__Pictures with short captions__:
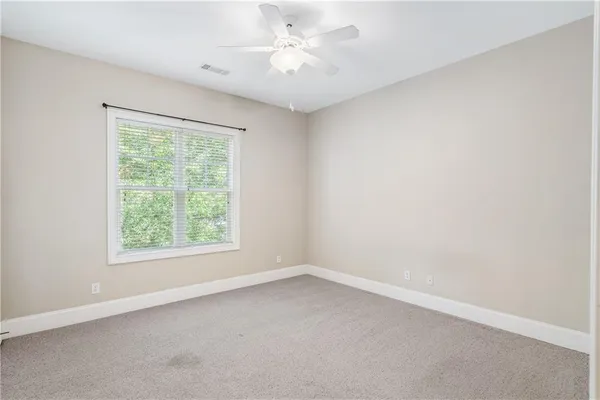 an empty room with a window and a fan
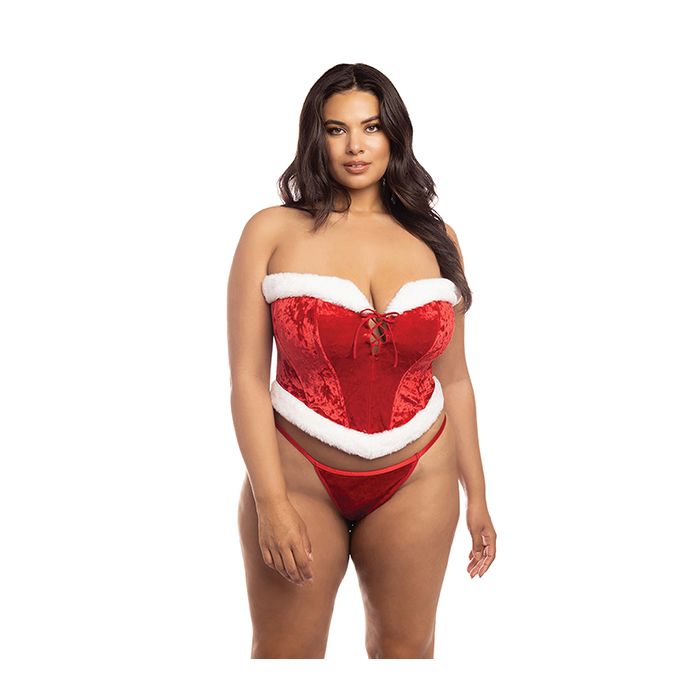 Model wearing size 1x/2x vibrant red velvet bustier costume with marabou trim, lace-up front, and matching G-string, embodying playful holiday roleplay style. 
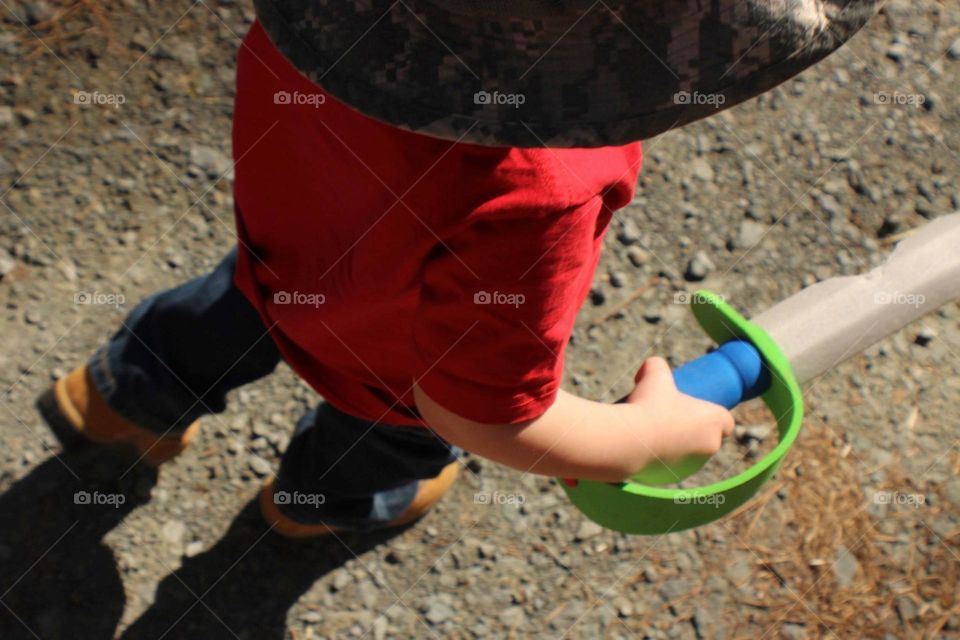 Young boy holding a foam sword while going on a nature hike.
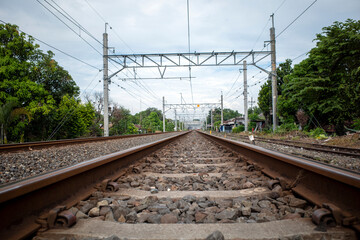 Railway tracks around settlements in rural areas in Indonesia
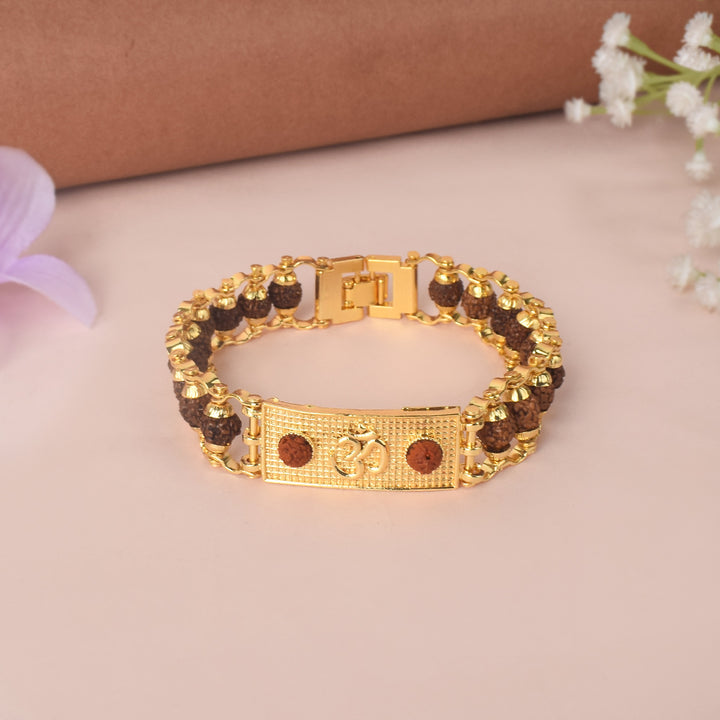 PVD Gold Plated Rudraksha Bracelet with Om symbol for divine blessings and positive energy. India’s Largest Pooja Accessories Brand - www.satvikstore.in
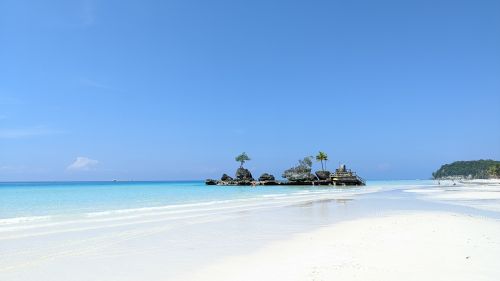 Free A breathtaking view of a serene tropical beach with crystal-clear azure waters and fine white sand. Stock Photo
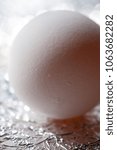 Small photo of Small pin hole on the edge of egg shell for easy to peel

__Problem description__:
Could you write out again, exactly, the lines from the line containing "Free A breathtaking" through the last line of the records above? Leave out the pictures.

__Solution__:
 Free A breathtaking view of a serene tropical beach with crystal-clear azure waters and fine white sand. Stock Photo
 Small photo of Small pin hole on the edge of egg shell for easy to peel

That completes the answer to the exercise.